**Data**
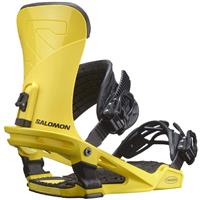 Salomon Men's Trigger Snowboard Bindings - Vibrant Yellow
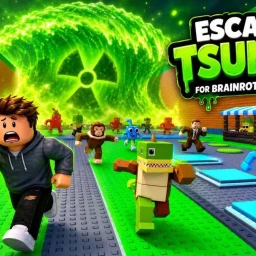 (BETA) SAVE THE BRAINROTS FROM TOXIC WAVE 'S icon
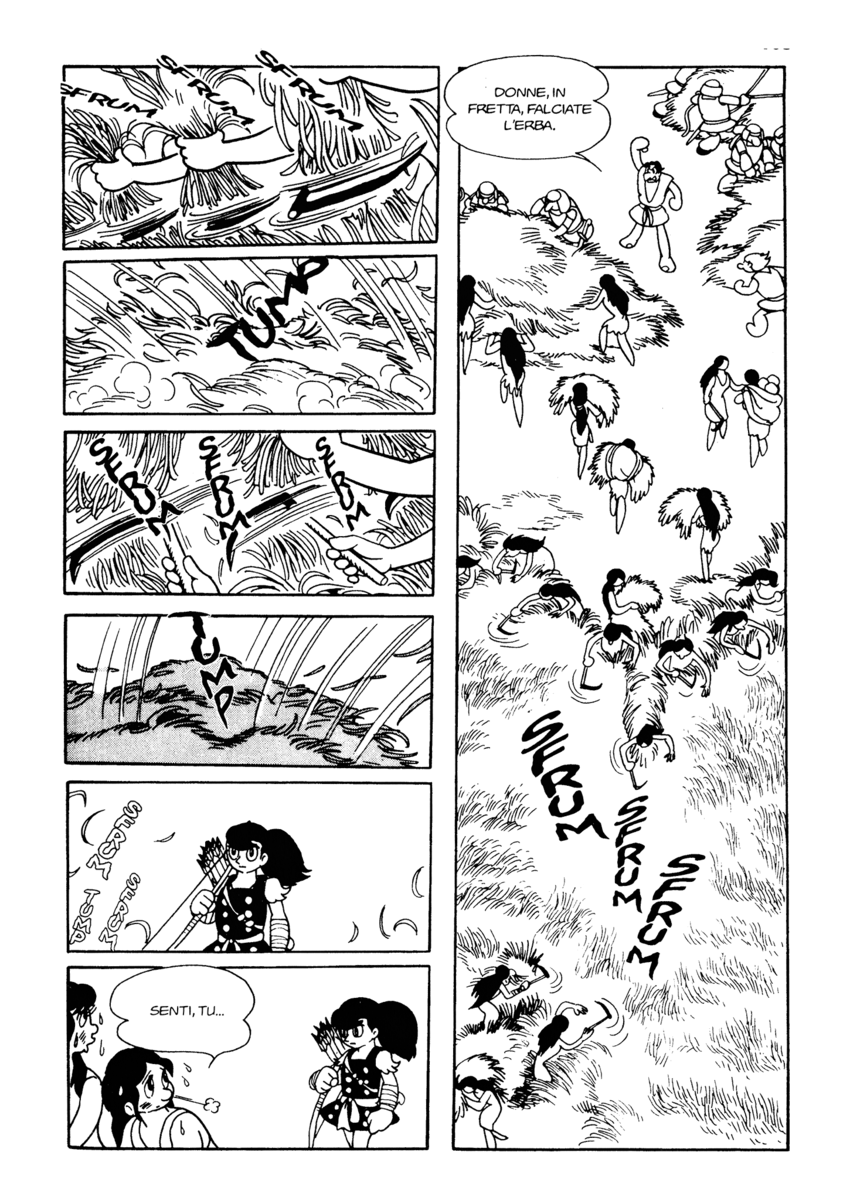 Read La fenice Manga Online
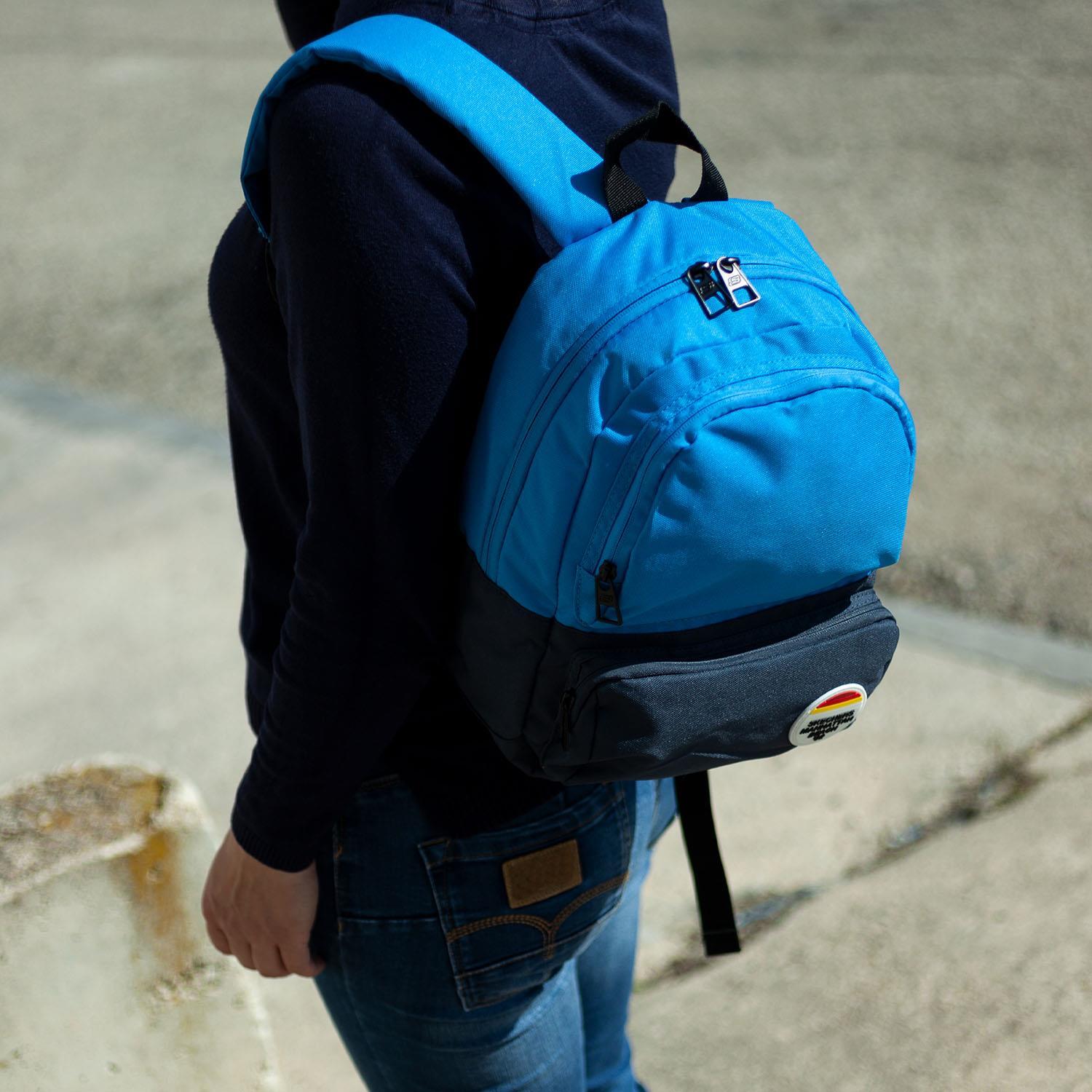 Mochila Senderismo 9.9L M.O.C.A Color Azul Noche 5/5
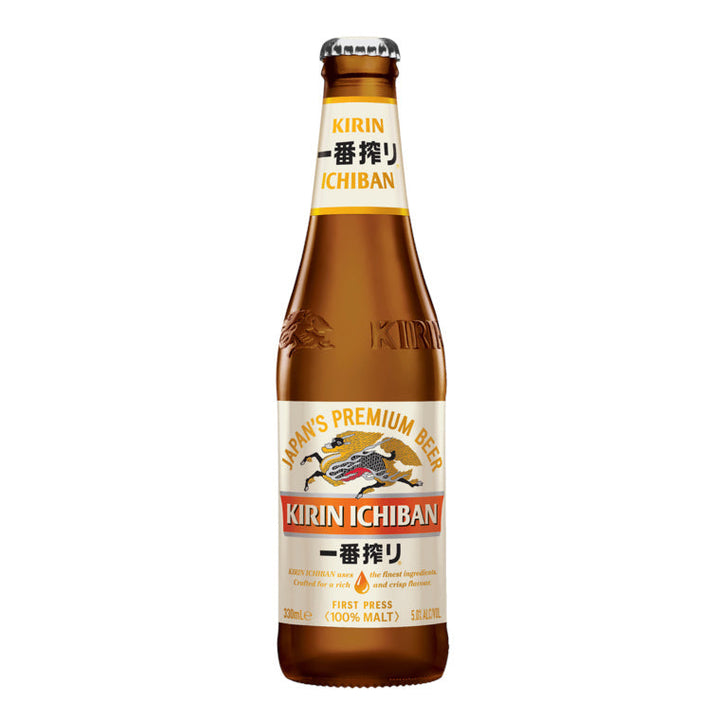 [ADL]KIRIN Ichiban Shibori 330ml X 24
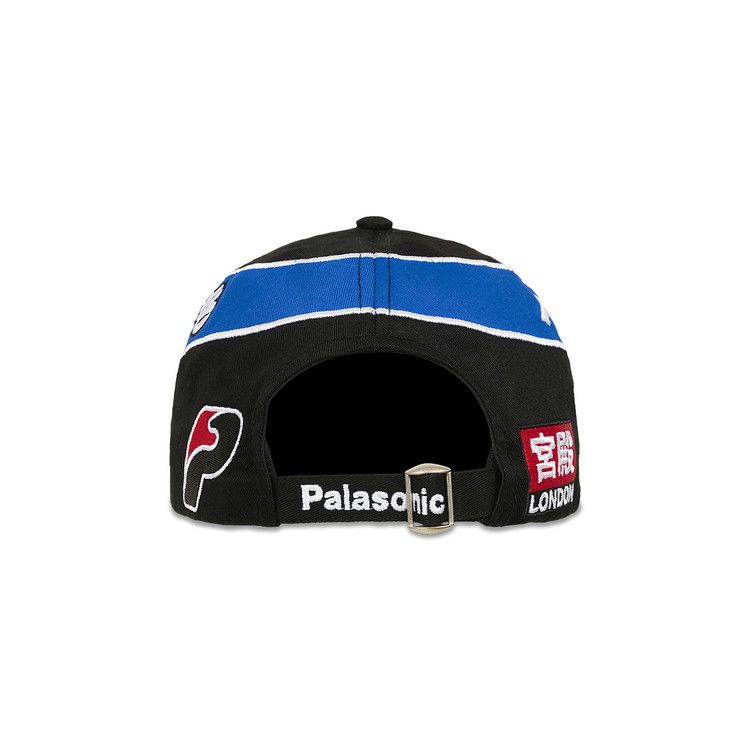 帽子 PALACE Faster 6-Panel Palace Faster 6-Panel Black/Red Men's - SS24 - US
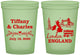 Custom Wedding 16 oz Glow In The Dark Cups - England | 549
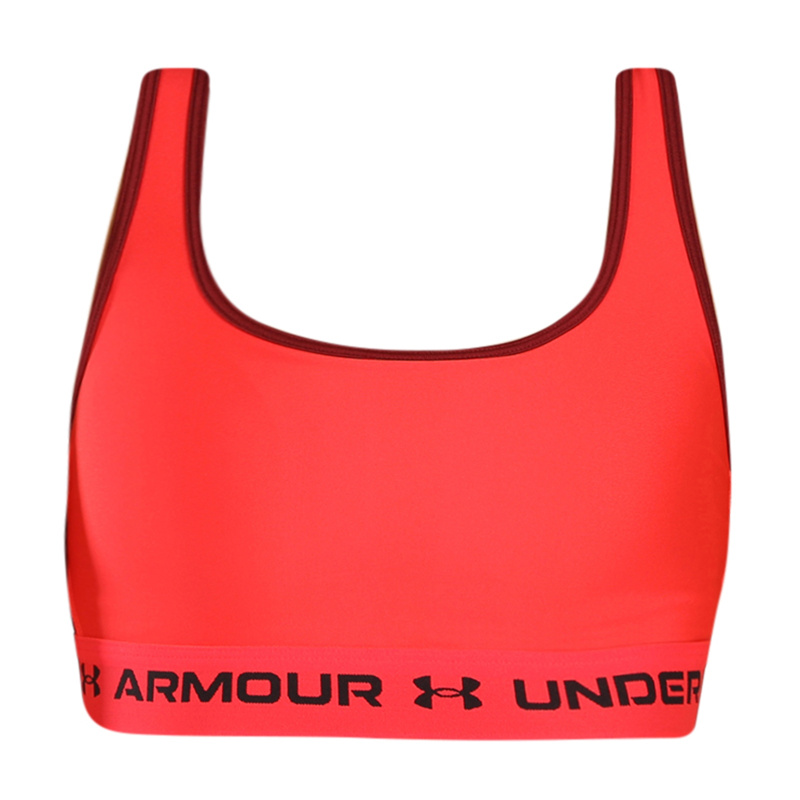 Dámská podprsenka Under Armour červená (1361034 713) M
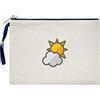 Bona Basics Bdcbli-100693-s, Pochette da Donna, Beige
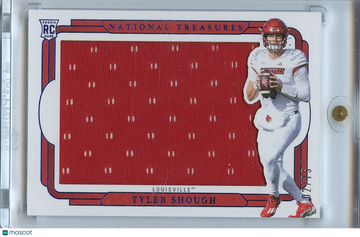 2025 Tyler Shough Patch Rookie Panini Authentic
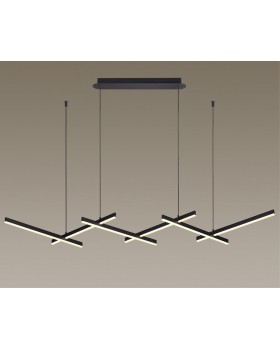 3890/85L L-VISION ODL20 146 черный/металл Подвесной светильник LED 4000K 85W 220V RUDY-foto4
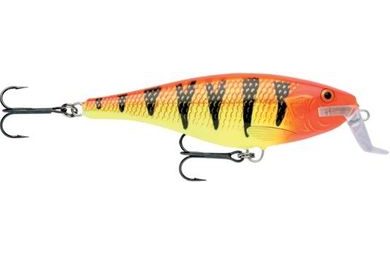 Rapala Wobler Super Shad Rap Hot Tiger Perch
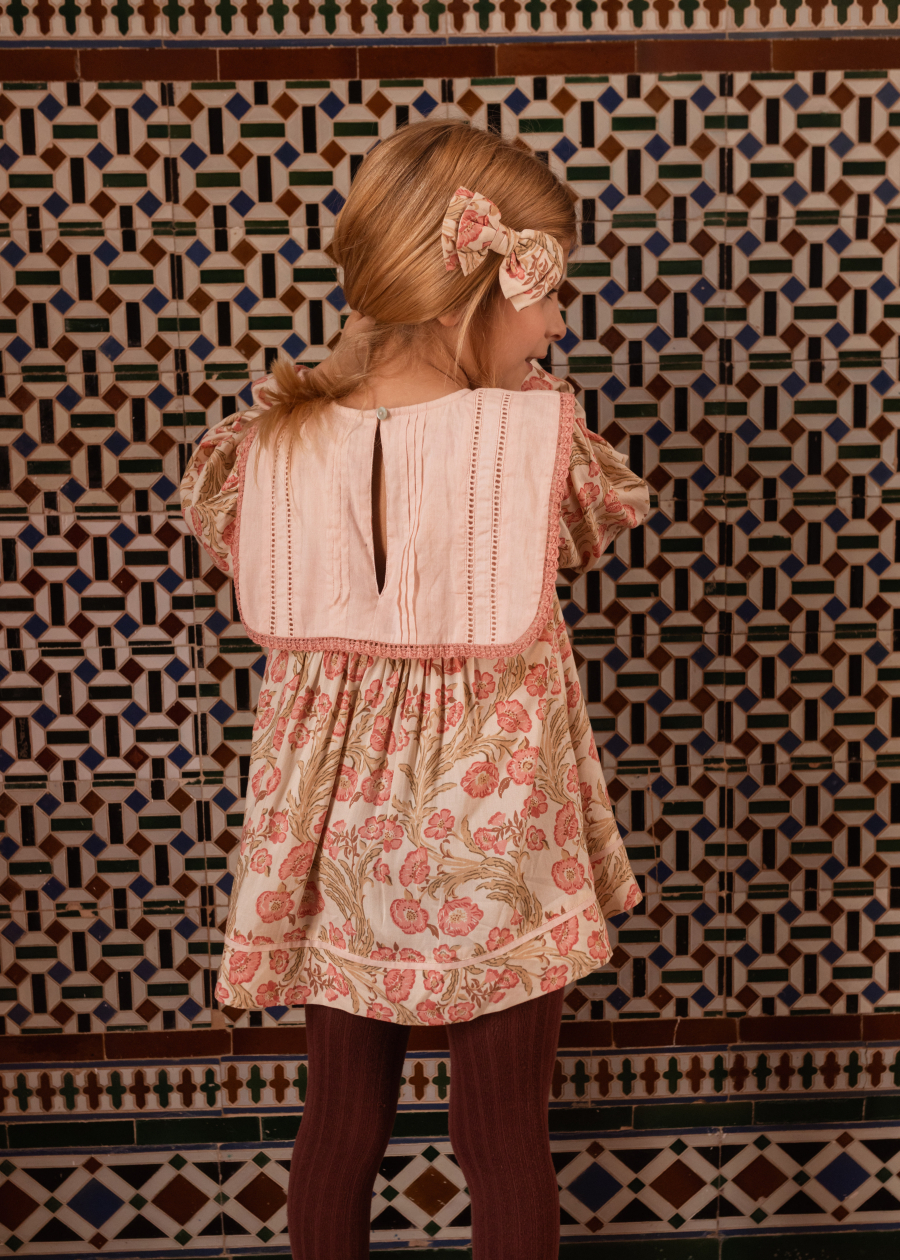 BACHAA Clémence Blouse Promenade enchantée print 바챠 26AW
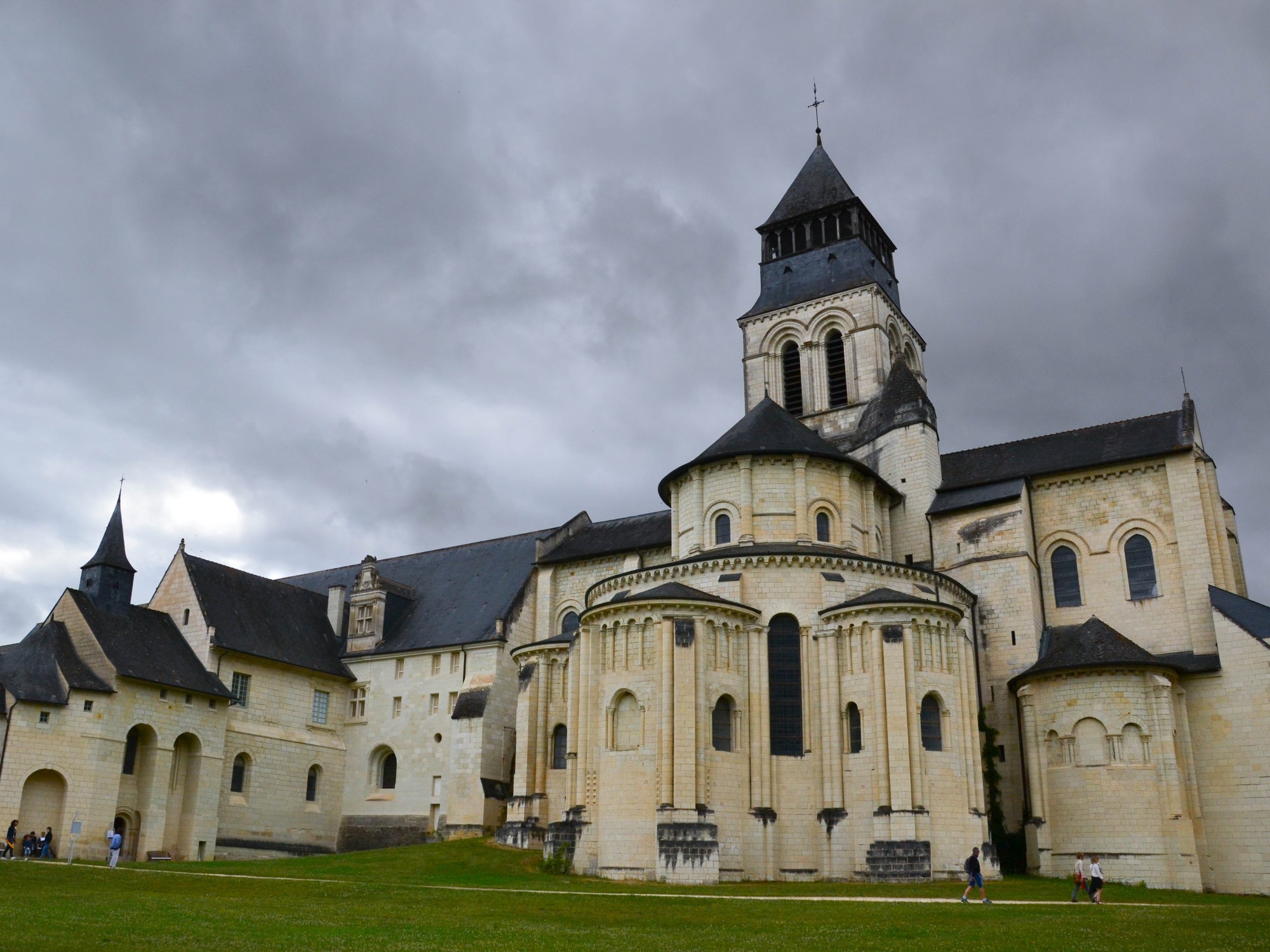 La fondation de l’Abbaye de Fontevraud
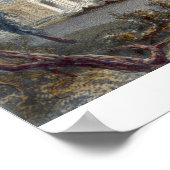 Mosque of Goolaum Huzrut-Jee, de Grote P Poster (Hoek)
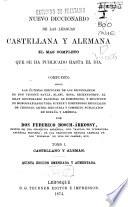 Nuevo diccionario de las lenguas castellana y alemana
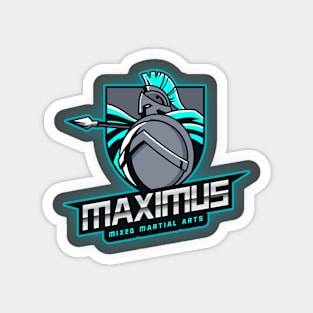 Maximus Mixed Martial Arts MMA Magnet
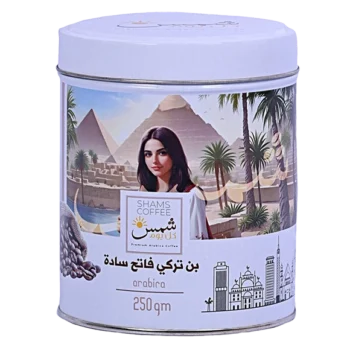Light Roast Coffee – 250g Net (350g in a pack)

**Exercise objective**
Leaving the pictures out, output the material exactly as it appears.

**Worked solution**
 Salomon Men's Trigger Snowboard Bindings - Vibrant Yellow
 (BETA) SAVE THE BRAINROTS FROM TOXIC WAVE 'S icon
 Read La fenice Manga Online
 Mochila Senderismo 9.9L M.O.C.A Color Azul Noche 5/5
 [ADL]KIRIN Ichiban Shibori 330ml X 24
 帽子 PALACE Faster 6-Panel Palace Faster 6-Panel Black/Red Men's - SS24 - US
 Custom Wedding 16 oz Glow In The Dark Cups - England | 549
 Dámská podprsenka Under Armour červená (1361034 713) M
 Bona Basics Bdcbli-100693-s, Pochette da Donna, Beige
 2025 Tyler Shough Patch Rookie Panini Authentic
 3890/85L L-VISION ODL20 146 черный/металл Подвесной светильник LED 4000K 85W 220V RUDY-foto4
 Rapala Wobler Super Shad Rap Hot Tiger Perch
 BACHAA Clémence Blouse Promenade enchantée print 바챠 26AW
 La fondation de l’Abbaye de Fontevraud
 Mosque of Goolaum Huzrut-Jee, de Grote P Poster (Hoek)
 Nuevo diccionario de las lenguas castellana y alemana
 Maximus Mixed Martial Arts MMA Magnet
Light Roast Coffee – 250g Net (350g in a pack)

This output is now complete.